*** Provided information
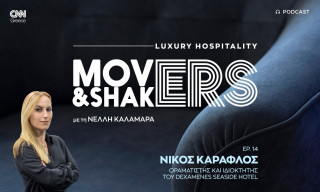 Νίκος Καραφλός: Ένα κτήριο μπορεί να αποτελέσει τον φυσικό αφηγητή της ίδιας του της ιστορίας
******
*** Provided information
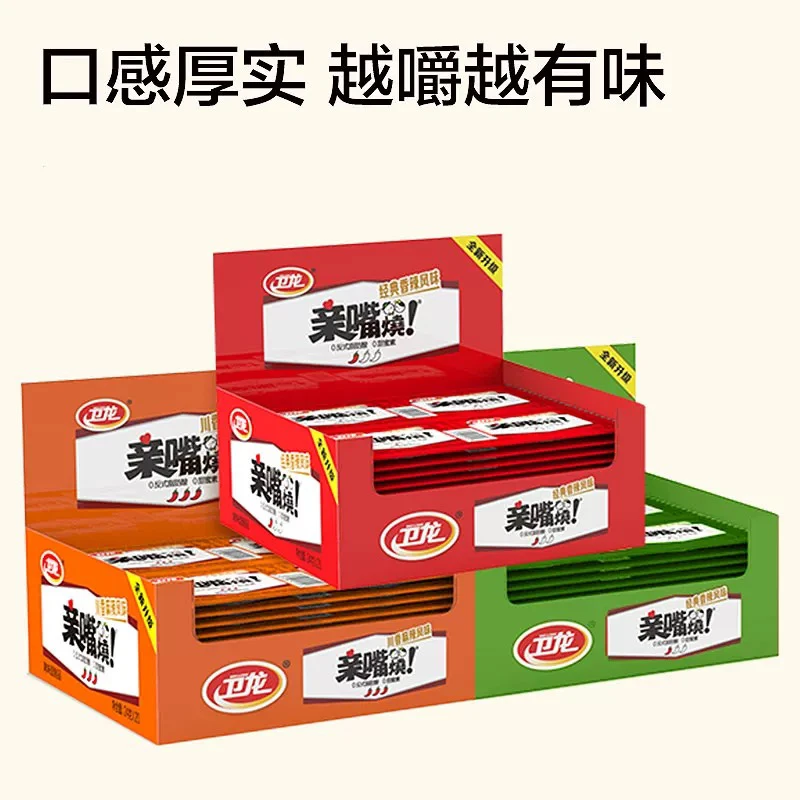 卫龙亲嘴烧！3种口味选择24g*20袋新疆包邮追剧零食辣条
******
*** Provided information
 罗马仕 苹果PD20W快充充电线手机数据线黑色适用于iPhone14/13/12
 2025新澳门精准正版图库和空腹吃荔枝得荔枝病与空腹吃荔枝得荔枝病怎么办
******
**Aim of the task:**
Print, from the entries above, the line with "罗马仕 苹果PD20W快充充", the line with "2025新澳门精准正版图库和空腹吃荔枝得荔枝病与空腹吃荔枝得荔枝病怎么办" and all lines between them, exactly and with nothing else.

**Answer to this task:**
 罗马仕 苹果PD20W快充充电线手机数据线黑色适用于iPhone14/13/12
 2025新澳门精准正版图库和空腹吃荔枝得荔枝病与空腹吃荔枝得荔枝病怎么办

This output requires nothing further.